0
votes

I'm deploying helm charts using community.kubernetes.helm with ease but I've run into conditions where the connection is refused and it's not clear how best to configure a retries/wait/until. I've run into a case where every now and then, helm can't communicate with the cluster, here's an example (dns/ip faked) showing that the issue is as simple as not being able to connect to the cluster:

fatal: [localhost]: FAILED! => {"changed": false, "command": "/usr/local/bin/helm --kubeconfig /var/opt/kubeconfig --namespace=gpu-operator list --output=yaml --filter gpu-operator", "msg": "Failure when executing Helm command. Exited 1.\nstdout: \nstderr: Error: Kubernetes cluster unreachable: Get "https://ec2-host/k8s/clusters/c-xrsqn/version?timeout=32s": dial tcp 192.168.1.1:443: connect: connection refused\n", "stderr": "Error: Kubernetes cluster unreachable: Get "https://ec2-host/k8s/clusters/c-xrsqn/version?timeout=32s": dial tcp 192.168.1.1:443: connect: connection refused\n", "stderr_lines": ["Error: Kubernetes cluster unreachable: Get "https://ec2-host/k8s/clusters/c-xrsqn/version?timeout=32s": dial tcp 192.168.1.1:443: connect: connection refused"], "stdout": "", "stdout_lines": []}

In my experience, I have seen that try/retry will work. I agree that it would be ideal to figure out why I can't connect to the service, but it would be even more ideal to work around this by taking advantage of a catch all "until" block that tries this block until it works or gives up after N tries while taking a break of N seconds.
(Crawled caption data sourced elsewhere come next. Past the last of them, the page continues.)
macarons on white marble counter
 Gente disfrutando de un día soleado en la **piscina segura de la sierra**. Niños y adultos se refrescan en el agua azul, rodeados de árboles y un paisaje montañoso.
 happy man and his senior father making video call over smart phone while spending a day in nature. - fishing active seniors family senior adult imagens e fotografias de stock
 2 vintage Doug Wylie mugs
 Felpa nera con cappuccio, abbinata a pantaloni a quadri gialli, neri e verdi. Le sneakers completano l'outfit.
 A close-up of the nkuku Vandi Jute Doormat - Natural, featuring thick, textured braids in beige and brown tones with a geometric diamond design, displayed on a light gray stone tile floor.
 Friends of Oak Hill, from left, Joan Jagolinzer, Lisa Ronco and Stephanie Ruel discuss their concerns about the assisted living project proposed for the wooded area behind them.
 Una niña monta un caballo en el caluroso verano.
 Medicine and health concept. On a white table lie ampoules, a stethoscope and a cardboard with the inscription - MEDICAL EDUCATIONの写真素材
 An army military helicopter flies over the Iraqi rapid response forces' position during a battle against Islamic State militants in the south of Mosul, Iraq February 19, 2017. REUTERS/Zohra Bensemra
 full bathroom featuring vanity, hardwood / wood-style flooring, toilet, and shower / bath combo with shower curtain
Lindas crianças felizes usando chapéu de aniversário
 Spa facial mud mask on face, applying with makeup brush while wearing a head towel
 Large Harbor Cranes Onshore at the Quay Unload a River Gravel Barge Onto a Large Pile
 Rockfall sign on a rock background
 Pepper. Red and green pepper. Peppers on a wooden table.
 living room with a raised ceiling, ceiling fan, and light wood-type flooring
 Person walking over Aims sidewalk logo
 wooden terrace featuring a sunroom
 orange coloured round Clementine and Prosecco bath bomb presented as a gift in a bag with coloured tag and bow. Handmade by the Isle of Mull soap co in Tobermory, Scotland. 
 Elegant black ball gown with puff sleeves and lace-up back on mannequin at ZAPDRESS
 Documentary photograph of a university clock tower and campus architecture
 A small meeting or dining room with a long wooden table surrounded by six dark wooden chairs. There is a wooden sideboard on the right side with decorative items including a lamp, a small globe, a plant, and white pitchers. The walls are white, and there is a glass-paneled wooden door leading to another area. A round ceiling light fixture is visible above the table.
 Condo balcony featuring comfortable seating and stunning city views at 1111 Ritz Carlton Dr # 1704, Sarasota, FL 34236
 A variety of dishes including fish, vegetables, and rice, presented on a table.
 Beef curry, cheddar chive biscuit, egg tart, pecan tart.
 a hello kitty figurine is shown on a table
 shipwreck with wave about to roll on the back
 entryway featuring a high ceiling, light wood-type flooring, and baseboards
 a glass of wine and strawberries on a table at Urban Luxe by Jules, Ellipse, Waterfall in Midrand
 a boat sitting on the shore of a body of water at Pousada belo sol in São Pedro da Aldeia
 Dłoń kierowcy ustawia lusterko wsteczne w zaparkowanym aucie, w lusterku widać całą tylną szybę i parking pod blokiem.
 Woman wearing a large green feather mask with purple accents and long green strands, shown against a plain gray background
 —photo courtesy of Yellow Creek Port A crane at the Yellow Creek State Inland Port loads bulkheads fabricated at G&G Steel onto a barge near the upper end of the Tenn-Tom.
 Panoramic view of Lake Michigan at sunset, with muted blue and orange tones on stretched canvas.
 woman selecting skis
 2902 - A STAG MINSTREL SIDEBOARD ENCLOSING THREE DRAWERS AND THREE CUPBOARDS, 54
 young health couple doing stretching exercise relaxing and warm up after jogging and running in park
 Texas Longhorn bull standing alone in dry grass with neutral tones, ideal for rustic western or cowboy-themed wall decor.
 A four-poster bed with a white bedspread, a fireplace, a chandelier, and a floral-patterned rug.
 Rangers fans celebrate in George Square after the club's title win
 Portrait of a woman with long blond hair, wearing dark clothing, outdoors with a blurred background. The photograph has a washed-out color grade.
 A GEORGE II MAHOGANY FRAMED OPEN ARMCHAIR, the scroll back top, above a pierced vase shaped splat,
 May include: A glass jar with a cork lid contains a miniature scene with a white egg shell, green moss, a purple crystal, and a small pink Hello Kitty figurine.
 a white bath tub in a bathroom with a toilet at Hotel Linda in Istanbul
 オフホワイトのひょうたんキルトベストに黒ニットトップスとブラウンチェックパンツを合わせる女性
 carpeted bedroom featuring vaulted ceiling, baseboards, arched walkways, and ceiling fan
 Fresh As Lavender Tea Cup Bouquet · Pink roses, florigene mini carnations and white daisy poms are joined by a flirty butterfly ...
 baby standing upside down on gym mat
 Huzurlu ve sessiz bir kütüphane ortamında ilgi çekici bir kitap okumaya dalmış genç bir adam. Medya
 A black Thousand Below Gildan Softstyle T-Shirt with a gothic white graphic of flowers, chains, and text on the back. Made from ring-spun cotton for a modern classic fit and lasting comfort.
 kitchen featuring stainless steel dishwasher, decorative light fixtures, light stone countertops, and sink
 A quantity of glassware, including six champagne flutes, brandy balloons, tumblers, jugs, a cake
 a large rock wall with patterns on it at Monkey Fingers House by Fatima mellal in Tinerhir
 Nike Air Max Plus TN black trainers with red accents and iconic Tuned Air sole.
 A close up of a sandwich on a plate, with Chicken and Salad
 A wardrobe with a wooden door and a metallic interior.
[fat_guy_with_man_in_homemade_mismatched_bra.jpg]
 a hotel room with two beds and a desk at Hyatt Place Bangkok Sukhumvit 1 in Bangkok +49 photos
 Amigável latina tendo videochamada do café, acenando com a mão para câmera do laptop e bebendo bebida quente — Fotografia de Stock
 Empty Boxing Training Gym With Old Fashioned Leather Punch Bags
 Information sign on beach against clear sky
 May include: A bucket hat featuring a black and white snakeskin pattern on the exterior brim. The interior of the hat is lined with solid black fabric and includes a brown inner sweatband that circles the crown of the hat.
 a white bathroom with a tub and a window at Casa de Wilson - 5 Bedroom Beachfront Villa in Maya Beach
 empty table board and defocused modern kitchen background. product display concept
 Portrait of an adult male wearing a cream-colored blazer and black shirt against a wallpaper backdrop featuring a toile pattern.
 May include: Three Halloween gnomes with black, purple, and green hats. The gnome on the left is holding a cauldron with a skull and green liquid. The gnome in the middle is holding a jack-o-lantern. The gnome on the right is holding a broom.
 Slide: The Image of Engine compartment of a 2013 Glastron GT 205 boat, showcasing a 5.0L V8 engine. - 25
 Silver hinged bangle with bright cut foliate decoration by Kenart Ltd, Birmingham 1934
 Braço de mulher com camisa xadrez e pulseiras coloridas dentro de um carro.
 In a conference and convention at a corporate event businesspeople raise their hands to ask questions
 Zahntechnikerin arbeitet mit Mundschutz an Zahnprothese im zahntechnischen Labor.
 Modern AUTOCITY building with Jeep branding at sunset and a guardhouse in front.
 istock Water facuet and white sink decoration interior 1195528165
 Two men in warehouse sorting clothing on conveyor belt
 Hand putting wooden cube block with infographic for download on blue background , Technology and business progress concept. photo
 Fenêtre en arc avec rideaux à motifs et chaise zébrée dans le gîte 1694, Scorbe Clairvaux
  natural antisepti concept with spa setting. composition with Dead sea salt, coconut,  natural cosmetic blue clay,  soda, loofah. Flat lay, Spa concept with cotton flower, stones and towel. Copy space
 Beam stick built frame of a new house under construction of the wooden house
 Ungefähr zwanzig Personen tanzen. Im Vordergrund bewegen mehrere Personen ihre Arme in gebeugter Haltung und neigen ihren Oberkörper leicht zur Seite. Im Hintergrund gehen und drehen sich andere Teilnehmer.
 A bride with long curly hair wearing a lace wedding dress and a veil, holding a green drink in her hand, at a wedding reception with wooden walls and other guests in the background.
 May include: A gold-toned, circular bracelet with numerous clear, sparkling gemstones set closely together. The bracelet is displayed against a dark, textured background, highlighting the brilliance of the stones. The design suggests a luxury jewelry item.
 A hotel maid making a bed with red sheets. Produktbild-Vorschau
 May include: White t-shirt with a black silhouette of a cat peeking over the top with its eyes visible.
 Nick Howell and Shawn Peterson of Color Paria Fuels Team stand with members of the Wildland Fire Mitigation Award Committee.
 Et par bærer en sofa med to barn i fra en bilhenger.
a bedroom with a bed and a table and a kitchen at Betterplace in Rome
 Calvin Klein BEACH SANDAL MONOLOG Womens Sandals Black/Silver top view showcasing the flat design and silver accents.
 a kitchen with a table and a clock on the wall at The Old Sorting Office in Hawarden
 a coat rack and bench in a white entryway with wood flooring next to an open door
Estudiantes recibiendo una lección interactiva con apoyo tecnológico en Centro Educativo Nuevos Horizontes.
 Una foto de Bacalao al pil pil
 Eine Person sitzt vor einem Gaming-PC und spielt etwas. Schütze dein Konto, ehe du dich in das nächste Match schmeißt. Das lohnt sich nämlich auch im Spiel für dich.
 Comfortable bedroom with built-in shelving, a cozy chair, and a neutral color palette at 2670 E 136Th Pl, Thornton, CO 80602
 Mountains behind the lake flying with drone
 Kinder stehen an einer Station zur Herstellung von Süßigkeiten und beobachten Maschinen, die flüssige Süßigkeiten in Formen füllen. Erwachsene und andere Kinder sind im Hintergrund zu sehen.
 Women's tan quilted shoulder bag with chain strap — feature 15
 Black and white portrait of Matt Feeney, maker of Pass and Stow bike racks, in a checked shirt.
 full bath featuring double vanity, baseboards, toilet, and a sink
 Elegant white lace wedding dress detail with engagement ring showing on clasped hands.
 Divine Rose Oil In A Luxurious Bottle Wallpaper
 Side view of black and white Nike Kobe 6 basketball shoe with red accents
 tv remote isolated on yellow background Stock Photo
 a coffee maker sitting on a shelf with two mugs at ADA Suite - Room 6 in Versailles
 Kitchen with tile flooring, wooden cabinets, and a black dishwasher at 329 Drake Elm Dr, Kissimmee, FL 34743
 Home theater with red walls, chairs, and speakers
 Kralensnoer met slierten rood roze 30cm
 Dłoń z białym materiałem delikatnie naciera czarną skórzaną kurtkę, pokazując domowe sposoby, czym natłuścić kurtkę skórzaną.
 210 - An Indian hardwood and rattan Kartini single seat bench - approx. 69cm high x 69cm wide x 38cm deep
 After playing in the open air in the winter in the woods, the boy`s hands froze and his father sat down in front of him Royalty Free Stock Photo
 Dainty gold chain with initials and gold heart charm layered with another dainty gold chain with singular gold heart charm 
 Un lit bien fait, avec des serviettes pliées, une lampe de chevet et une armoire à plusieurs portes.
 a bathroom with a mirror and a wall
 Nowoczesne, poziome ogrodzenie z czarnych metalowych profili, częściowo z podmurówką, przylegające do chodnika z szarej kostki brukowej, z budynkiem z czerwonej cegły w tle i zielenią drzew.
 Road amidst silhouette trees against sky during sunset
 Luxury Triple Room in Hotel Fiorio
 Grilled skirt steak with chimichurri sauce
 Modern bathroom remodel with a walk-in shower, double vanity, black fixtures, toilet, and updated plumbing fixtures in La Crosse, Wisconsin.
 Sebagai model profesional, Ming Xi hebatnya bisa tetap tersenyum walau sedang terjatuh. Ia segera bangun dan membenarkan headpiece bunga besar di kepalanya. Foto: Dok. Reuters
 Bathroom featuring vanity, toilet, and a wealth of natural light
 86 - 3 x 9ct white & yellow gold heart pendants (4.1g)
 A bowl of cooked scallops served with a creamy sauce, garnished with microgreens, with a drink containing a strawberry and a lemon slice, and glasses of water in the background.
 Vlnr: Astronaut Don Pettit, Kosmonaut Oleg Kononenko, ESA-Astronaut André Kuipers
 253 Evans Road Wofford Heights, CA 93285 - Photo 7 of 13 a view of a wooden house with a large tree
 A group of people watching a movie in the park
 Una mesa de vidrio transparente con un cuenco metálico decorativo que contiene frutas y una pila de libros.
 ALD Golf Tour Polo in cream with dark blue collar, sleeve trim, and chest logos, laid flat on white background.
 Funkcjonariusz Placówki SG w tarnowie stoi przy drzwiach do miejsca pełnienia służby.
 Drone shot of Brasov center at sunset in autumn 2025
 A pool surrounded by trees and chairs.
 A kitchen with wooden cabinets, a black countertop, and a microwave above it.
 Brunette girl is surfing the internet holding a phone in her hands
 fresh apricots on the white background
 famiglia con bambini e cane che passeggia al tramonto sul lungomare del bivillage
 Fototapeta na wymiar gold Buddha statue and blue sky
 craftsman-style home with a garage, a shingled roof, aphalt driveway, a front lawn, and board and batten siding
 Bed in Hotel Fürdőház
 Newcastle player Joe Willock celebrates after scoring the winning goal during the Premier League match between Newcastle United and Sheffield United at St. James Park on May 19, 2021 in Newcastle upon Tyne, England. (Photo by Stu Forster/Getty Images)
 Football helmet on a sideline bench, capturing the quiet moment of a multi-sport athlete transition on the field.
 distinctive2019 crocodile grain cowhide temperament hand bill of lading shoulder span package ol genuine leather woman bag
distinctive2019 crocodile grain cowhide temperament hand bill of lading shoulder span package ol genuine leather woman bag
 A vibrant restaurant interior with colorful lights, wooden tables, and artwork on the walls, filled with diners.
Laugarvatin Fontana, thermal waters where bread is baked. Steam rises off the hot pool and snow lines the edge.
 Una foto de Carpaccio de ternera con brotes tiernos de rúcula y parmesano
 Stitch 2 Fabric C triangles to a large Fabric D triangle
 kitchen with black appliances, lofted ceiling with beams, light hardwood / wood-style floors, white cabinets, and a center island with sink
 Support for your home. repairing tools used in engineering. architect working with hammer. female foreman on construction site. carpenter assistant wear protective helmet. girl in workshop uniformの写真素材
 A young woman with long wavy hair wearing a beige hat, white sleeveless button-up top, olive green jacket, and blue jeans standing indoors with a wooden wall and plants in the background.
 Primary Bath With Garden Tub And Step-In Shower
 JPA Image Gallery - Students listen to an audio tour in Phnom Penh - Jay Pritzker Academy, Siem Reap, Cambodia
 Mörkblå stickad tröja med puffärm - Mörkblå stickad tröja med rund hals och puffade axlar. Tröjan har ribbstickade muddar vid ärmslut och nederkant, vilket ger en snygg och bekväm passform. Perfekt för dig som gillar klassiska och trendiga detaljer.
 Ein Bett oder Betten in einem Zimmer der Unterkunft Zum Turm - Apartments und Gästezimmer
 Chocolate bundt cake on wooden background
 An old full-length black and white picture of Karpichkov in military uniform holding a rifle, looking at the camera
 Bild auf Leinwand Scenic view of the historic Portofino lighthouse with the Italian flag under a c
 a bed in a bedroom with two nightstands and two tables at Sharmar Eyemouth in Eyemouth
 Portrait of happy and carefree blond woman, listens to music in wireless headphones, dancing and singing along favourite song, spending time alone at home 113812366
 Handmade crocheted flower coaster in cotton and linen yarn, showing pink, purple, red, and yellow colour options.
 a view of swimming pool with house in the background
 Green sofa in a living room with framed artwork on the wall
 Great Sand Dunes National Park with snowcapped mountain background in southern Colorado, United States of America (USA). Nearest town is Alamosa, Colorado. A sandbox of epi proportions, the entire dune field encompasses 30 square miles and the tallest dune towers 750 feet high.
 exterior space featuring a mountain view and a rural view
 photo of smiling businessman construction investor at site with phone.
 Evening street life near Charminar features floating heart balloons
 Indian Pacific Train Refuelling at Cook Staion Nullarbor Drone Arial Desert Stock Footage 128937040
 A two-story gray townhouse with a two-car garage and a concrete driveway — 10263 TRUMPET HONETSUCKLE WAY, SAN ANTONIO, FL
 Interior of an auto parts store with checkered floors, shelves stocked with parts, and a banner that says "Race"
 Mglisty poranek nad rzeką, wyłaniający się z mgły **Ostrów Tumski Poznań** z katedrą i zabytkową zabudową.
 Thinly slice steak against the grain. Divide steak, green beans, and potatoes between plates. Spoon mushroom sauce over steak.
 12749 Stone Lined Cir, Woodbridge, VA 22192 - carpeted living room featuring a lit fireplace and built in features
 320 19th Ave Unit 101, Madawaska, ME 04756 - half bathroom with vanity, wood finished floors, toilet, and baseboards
Here's an example of the ansible block:

- name: deploy Nvidia GPU Operator
  block:
    - name: deploy gpu operator
      community.kubernetes.helm:
        name: gpu-operator
        chart_ref: "{{ CHARTS_DIR }}/gpu-operator"
        create_namespace: yes
        release_namespace: gpu-operator
        kubeconfig: "{{ STATE_DIR }}/{{ INSTANCE_NAME }}-kubeconfig"
      until: ??? 
      retries: 5
      delay: 3
  when: GPU_NODE is defined

I would really appreciate any suggestions/pointers.

1

1 Answers

0
votes

I discovered that registering the output and then testing until it's defined get's ansible to rerun. The key is learning what is going to be a successful output. For helm, it says it will define a status when it works correctly. So, this is what you need to add

  register: _gpu_result
  until: _gpu_result.status is defined
  ignore_errors: true
  retries: 5
  delay: 3

retries/delay is up to you